North, south, east, and west, the growth of London proceeds rapidly. Not only is the city’s area increased, but the brick and mortar maze of which it consists tends to grow denser and denser, as the nice arts of surveyor and architect combine to wrest from space its fullest building possibilities. And hence springs a great evil. Fresh air and light—necessary conditions of healthy life—are meted out to the population with an ever-increasing meagreness. But, happily, counteracting influences have now existed for some time. A notable one is embodied in a philanthropic Association, which spends a considerable income and great activity in obtaining for the people of London open spaces, or gardens, and other machinery for recreation.
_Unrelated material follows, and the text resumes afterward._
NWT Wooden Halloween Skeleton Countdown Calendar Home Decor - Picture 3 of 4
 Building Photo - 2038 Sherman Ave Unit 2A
Old churchyards and other disused burial-grounds, inclosed squares, and vacant plots of ground of all sorts, are the ‘prey’ of the Metropolitan Public Gardens’ Association. Finding them, it at once agitates obstinately for their consecration to public use. Parochial and ecclesiastical local authorities, and in some cases private individuals, are appealed to, to devote the land to the desired purpose—the Association offering to lay out the inclosure at its own expense, and provide the necessary implements, plants, mould, drains, seats, &c., or making such overtures as the individual circumstances of the case may justify. Though securing public recreation-grounds is the chief aim of the Association, it adopts other means for promoting the health and physical well-being of the people. Thus it agitates for the establishment of gymnasia in elementary schools, and for the opening of school playgrounds during all but scholastic hours to the children of the surrounding locality; it plants trees and places seats in the wilder thoroughfares; it uses its influence to obtain the erection of baths and washhouses; and, collecting reliable information respecting all the poorer districts of the metropolis, it directs public attention to overcrowding and other social evils. Since the Association’s formation in 1882, it has succeeded in eighty-three of its efforts to provide public recreation-grounds, &c., disbursing in the work £8595, 15s. 5d. Lord Brabazon is the chairman, Miss I. M. Gladstone, the honorary Secretary, and Miss F. Wilkinson, the landscape gardener of the Association, the address of which is 83 Lancaster Gate, London, W.